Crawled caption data

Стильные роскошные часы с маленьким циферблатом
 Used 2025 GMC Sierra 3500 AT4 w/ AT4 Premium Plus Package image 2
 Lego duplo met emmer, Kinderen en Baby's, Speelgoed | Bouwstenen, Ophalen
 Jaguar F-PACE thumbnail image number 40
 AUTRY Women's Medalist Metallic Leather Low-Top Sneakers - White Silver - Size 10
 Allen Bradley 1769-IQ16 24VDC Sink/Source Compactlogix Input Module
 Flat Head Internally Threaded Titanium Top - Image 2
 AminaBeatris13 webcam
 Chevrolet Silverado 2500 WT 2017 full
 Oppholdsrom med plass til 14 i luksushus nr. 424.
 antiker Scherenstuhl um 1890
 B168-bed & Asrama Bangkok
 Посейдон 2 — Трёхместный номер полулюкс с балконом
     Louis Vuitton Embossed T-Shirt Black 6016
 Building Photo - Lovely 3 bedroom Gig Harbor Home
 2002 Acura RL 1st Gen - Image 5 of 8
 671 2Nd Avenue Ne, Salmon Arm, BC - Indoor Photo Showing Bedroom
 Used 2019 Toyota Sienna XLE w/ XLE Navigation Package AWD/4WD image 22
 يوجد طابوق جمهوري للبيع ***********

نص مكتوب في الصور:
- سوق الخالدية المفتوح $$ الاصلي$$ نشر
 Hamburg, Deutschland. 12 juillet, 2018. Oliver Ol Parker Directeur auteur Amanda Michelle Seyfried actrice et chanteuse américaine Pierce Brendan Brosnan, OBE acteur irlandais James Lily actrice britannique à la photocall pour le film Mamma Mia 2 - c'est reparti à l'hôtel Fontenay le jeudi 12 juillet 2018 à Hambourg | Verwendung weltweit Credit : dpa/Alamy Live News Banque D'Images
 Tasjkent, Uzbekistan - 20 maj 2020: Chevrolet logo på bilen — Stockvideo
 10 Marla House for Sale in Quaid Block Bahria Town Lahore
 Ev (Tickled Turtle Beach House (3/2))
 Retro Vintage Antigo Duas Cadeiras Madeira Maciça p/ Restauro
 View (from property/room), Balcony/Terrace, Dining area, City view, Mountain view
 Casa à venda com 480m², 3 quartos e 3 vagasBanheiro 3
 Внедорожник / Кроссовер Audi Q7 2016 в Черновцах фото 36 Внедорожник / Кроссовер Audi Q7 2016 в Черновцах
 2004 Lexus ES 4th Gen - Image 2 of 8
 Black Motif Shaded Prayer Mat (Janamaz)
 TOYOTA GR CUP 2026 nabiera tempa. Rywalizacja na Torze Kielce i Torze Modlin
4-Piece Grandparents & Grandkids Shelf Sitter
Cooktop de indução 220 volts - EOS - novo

- **ACTION ITEM**
When you reach the line with "نص مكتوب في" in the records above, start writing out lines exactly, and stop once the line with "- سوق الخالدية المفتوح $$ الاصلي$$ نشر" has been written; include nothing else.

- **REPLY**
نص مكتوب في الصور:
- سوق الخالدية المفتوح $$ الاصلي$$ نشر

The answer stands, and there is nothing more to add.